Kobo’s new social tool tabulates readers’ views of e-books

Customers can monitor and interact with others who are reading or commenting on an e-book.

Bill Briggs

Senior Editor

Lead Photo

Kobo readers can use Pulse to share their book likes and dislikes.

E-book reader and content developer Kobo Inc. is adding social features that enable readers to monitor interest in a given book, and exchange views on a book’s content.

Kobo, a unit of Indigo Books & Music Inc., No. 177 in the Internet Retailer Top 500 Guide,  announced its new Kobo Pulse platform at Facebook’s recent F8 Developers Conference.

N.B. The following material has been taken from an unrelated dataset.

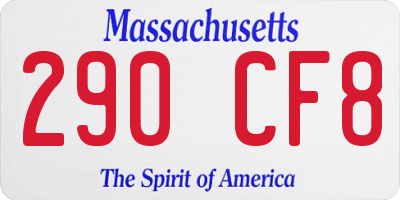 MA license plate 290CF8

Kobo Pulse indicates what the company calls the level of social engagement for a given book, driven by how many people are reading or have read it, what they are saying about it, and what they are thinking.

The number of readers for a given book, their volume of comments or whether they like or dislike a book are depicted on a pulsating icon at the bottom of an e-book’s page.

Pulse and Kobo’s social tool called Reading Life also integrate with Facebook. Pulse users’ activity will show up in the new Facebook Ticker,  and readers’ Reading Life book choices and libraries they can share with other Kobo users will be reflected in their Facebook Timeline.

Kobo’s Reading Life launched in December 2010 and enables customers to track such statistics as minutes per reading session and total pages of their current read, see an overview of books they have completed in their library, and share books or passages in them with friends on Facebook and Twitter.

Ticker is one of the features Facebook unveiled last week. It appears on a consumer’s Facebook page and is a running feed of what a Facebook member’s friends are doing. Timeline is Facebook’s new version of the member profile that gives users a multimedia forum for their biography.

“With Kobo Pulse we are capturing the zeitgeist of every book in the world, and enabling readers to be a part of it, to contribute to the life of the book—while reading,” says Michael Serbinis, Kobo CEO. “This is a revolution in books and how we read that will give readers exciting new ways to connect, discover content and express themselves.”